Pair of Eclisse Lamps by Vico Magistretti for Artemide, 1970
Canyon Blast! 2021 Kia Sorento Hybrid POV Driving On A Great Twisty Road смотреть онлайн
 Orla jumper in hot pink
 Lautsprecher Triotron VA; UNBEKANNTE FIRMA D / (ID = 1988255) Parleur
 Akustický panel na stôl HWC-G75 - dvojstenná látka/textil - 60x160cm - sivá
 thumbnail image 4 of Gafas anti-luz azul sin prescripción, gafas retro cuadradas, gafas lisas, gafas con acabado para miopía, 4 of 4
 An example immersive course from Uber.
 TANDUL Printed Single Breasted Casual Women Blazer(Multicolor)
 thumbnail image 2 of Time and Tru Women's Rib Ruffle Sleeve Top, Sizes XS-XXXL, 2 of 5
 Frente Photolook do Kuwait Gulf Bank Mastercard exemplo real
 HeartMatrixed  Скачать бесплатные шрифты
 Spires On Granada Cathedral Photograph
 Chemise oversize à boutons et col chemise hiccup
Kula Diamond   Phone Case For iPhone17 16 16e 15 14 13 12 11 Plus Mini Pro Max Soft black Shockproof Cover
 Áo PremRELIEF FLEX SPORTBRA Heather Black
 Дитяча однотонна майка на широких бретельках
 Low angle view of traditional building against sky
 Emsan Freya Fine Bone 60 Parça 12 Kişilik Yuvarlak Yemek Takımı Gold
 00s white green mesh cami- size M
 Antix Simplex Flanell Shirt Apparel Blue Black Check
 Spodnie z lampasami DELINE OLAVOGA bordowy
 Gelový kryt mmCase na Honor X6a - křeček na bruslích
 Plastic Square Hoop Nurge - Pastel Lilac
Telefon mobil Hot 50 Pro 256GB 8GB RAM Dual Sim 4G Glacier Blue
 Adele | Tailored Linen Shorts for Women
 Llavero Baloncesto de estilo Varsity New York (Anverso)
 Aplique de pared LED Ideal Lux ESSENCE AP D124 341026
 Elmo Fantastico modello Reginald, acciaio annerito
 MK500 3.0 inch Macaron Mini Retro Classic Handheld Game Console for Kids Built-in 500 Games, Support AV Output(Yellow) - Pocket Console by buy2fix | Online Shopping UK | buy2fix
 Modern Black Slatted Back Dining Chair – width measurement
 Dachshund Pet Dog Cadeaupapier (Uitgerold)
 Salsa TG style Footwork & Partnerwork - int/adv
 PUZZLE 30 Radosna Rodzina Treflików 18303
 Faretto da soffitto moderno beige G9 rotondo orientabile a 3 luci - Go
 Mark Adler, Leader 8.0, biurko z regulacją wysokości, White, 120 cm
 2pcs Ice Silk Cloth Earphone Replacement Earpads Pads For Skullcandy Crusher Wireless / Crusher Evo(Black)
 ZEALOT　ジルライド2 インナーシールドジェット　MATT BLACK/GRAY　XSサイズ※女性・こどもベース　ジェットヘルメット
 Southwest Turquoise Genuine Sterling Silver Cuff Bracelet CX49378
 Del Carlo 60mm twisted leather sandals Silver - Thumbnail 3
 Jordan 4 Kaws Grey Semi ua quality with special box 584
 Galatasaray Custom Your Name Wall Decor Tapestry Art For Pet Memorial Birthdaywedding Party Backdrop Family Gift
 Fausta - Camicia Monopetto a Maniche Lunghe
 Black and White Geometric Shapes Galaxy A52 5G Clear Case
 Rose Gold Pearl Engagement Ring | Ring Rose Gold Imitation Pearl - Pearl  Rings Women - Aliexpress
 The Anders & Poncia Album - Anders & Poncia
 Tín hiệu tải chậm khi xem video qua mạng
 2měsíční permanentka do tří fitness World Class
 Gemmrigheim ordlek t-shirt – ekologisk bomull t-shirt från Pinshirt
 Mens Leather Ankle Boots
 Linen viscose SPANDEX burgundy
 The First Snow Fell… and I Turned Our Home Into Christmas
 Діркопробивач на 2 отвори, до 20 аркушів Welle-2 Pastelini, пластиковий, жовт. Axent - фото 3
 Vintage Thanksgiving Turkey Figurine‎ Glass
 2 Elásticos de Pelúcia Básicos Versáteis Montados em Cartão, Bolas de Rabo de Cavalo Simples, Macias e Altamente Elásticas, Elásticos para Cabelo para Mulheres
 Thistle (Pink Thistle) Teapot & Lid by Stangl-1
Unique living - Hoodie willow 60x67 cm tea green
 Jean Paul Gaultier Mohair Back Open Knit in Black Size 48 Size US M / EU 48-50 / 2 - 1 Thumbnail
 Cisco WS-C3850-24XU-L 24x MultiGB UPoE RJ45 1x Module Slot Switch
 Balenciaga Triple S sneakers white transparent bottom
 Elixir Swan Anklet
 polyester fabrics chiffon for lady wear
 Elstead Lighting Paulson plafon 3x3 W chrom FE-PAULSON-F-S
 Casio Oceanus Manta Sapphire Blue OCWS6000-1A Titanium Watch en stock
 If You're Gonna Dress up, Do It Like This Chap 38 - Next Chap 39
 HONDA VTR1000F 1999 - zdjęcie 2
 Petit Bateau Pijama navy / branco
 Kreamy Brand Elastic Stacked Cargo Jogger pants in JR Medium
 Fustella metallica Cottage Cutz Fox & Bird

········

ACTIVITY - Where the listing above reaches the line that contains "2měsíční permanentka do", start retyping, and finish with the line that contains "HONDA VTR1000F 1999 - zdjęcie 2"; reproduce those lines exactly and no others.

TASK RESPONSE -
 2měsíční permanentka do tří fitness World Class
 Gemmrigheim ordlek t-shirt – ekologisk bomull t-shirt från Pinshirt
 Mens Leather Ankle Boots
 Linen viscose SPANDEX burgundy
 The First Snow Fell… and I Turned Our Home Into Christmas
 Діркопробивач на 2 отвори, до 20 аркушів Welle-2 Pastelini, пластиковий, жовт. Axent - фото 3
 Vintage Thanksgiving Turkey Figurine‎ Glass
 2 Elásticos de Pelúcia Básicos Versáteis Montados em Cartão, Bolas de Rabo de Cavalo Simples, Macias e Altamente Elásticas, Elásticos para Cabelo para Mulheres
 Thistle (Pink Thistle) Teapot & Lid by Stangl-1
Unique living - Hoodie willow 60x67 cm tea green
 Jean Paul Gaultier Mohair Back Open Knit in Black Size 48 Size US M / EU 48-50 / 2 - 1 Thumbnail
 Cisco WS-C3850-24XU-L 24x MultiGB UPoE RJ45 1x Module Slot Switch
 Balenciaga Triple S sneakers white transparent bottom
 Elixir Swan Anklet
 polyester fabrics chiffon for lady wear
 Elstead Lighting Paulson plafon 3x3 W chrom FE-PAULSON-F-S
 Casio Oceanus Manta Sapphire Blue OCWS6000-1A Titanium Watch en stock
 If You're Gonna Dress up, Do It Like This Chap 38 - Next Chap 39
 HONDA VTR1000F 1999 - zdjęcie 2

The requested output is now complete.